Assignment:
Quote the records below in full, exactly as given, with the images taken out.

Data excerpts:

········

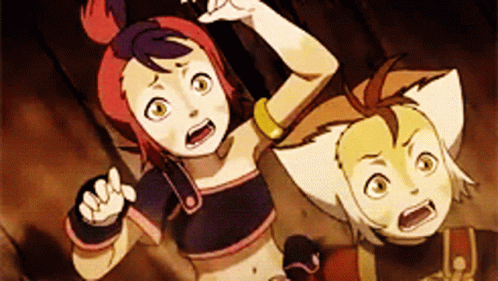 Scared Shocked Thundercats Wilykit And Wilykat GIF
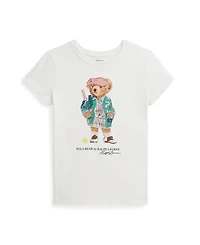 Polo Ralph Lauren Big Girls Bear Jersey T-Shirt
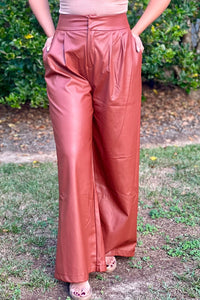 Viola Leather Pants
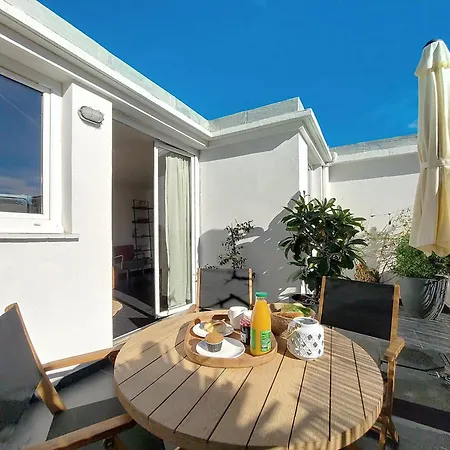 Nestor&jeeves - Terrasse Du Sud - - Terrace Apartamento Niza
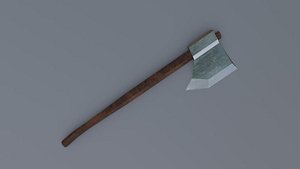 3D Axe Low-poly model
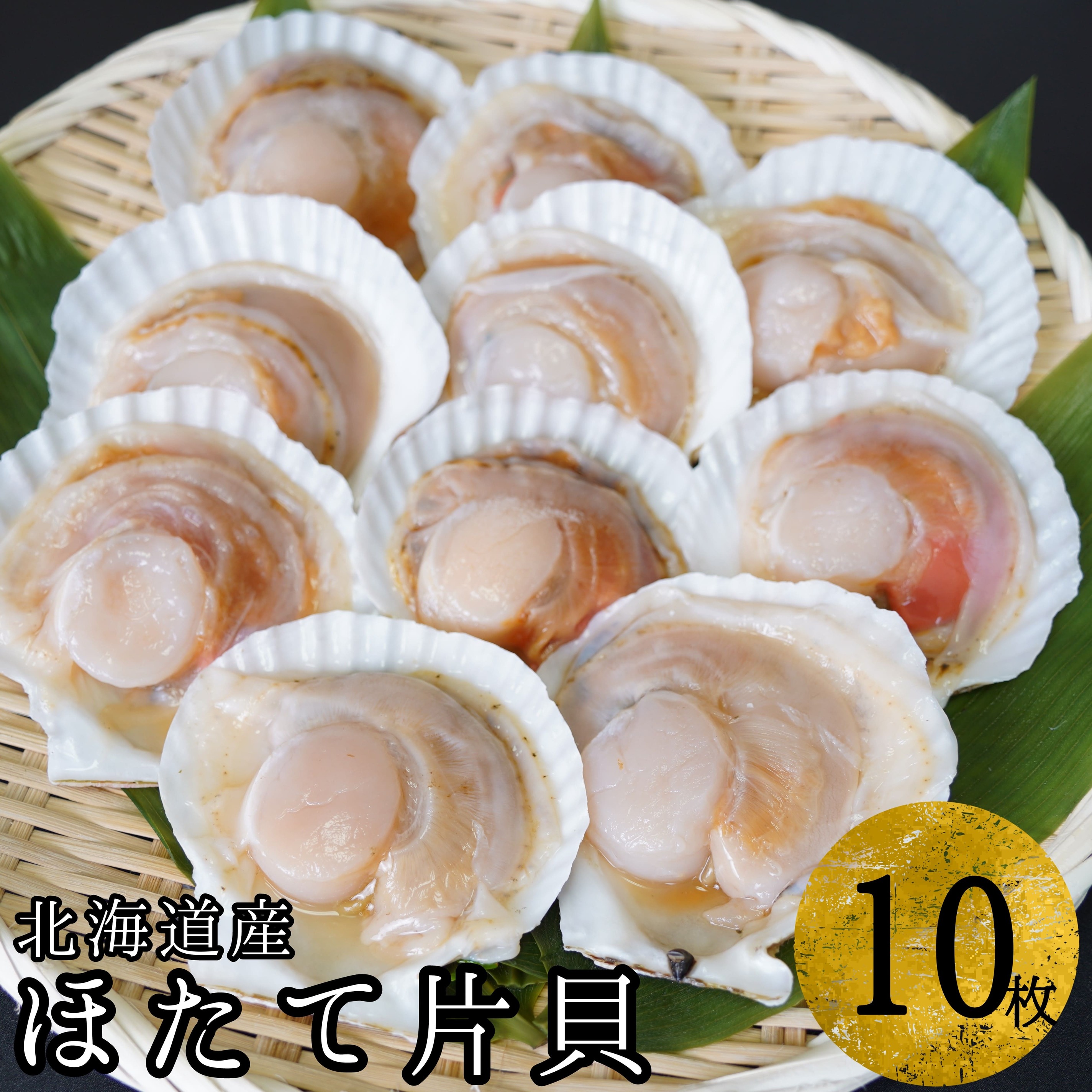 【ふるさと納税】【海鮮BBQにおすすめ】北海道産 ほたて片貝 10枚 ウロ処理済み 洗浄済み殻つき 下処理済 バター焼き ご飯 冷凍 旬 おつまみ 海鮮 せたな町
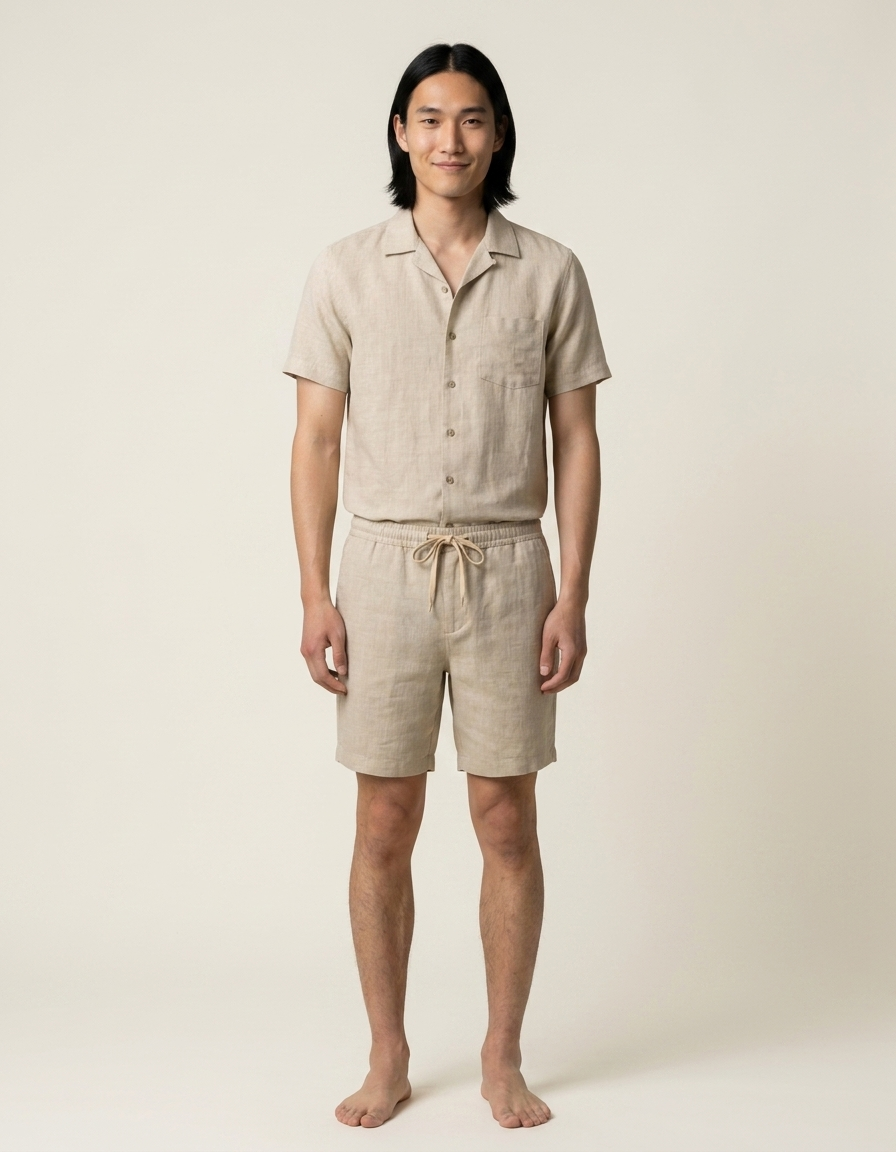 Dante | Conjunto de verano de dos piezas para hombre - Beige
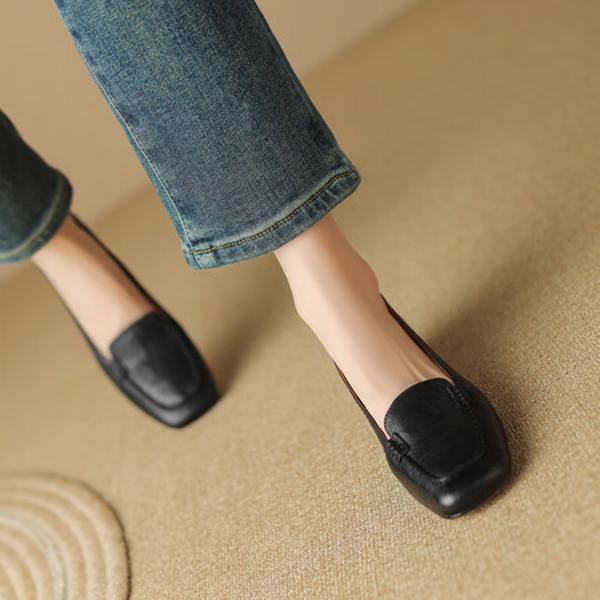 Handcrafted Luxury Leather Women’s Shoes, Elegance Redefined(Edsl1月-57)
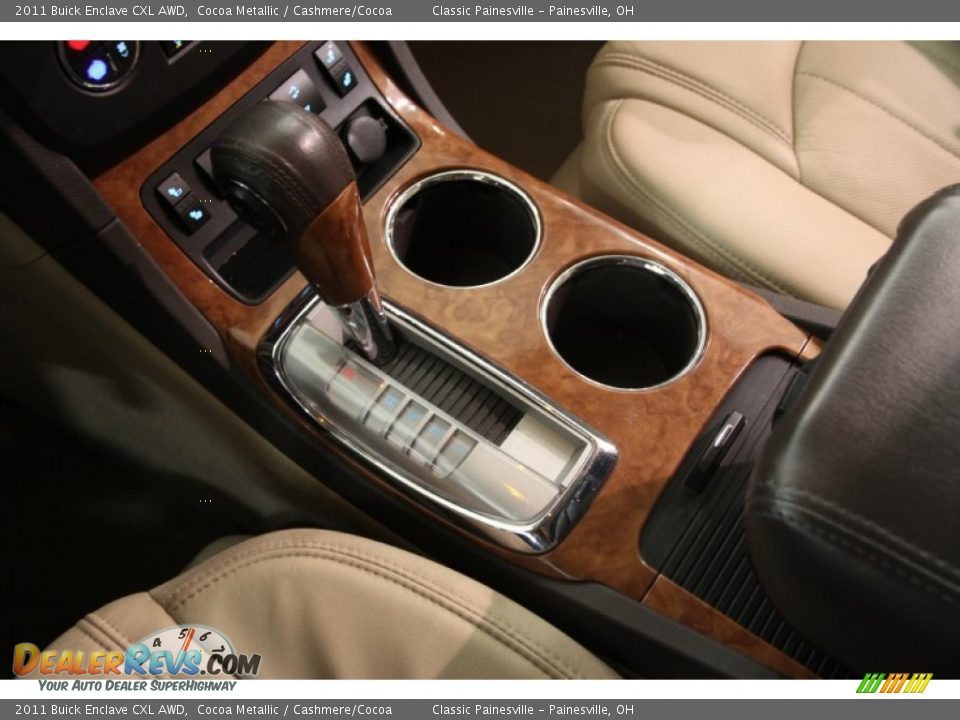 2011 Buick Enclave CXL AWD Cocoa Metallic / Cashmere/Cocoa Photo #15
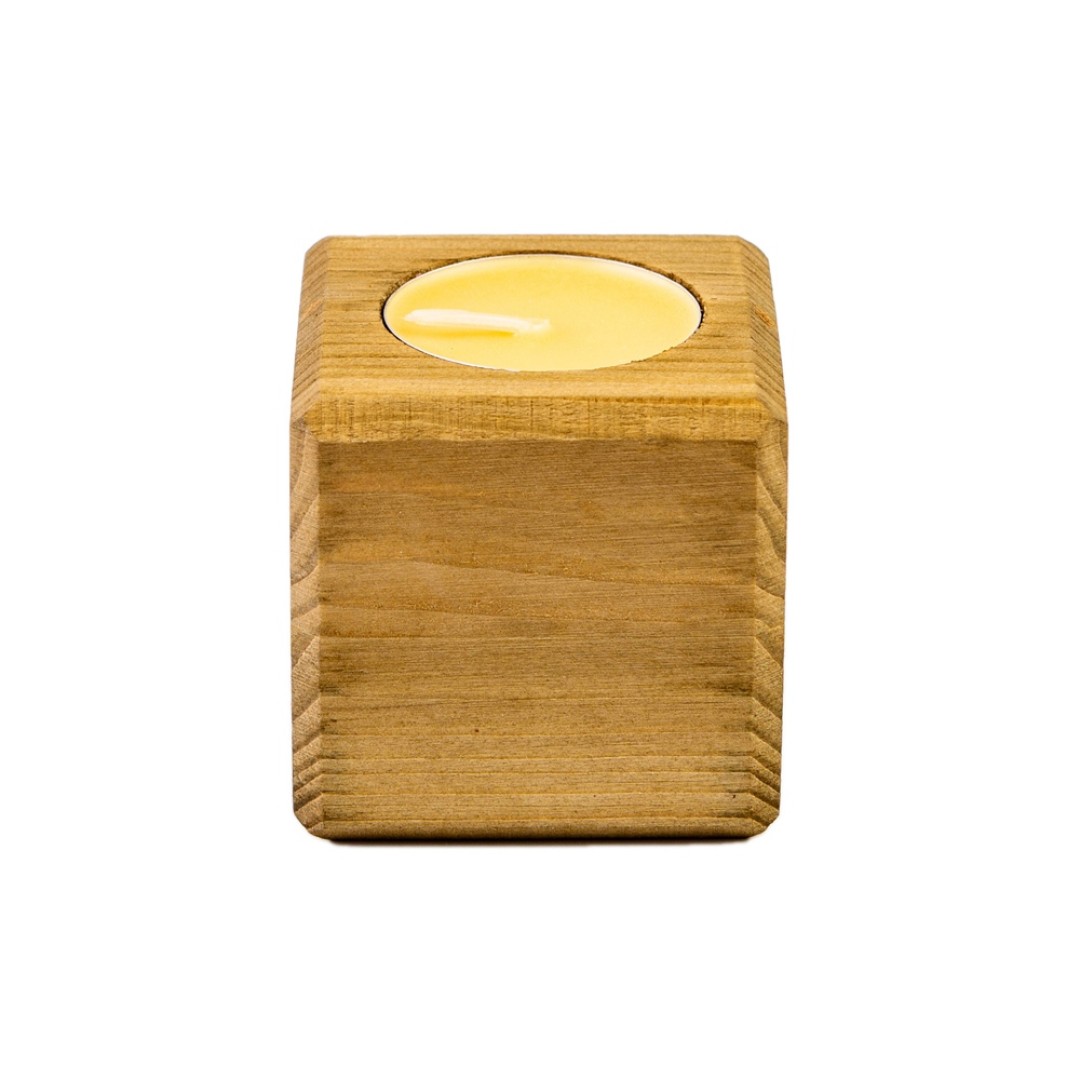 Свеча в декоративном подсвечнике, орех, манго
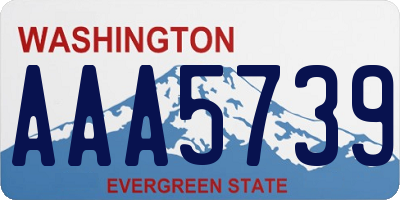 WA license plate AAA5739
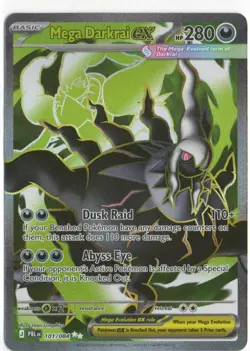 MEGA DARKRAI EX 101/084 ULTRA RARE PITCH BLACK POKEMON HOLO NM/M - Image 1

········

Result:
 Scared Shocked Thundercats Wilykit And Wilykat GIF
 Polo Ralph Lauren Big Girls Bear Jersey T-Shirt
 Viola Leather Pants
 Nestor&jeeves - Terrasse Du Sud - - Terrace Apartamento Niza
 3D Axe Low-poly model
 【ふるさと納税】【海鮮BBQにおすすめ】北海道産 ほたて片貝 10枚 ウロ処理済み 洗浄済み殻つき 下処理済 バター焼き ご飯 冷凍 旬 おつまみ 海鮮 せたな町
 Dante | Conjunto de verano de dos piezas para hombre - Beige
 Handcrafted Luxury Leather Women’s Shoes, Elegance Redefined(Edsl1月-57)
 2011 Buick Enclave CXL AWD Cocoa Metallic / Cashmere/Cocoa Photo #15
 Свеча в декоративном подсвечнике, орех, манго
 WA license plate AAA5739
 MEGA DARKRAI EX 101/084 ULTRA RARE PITCH BLACK POKEMON HOLO NM/M - Image 1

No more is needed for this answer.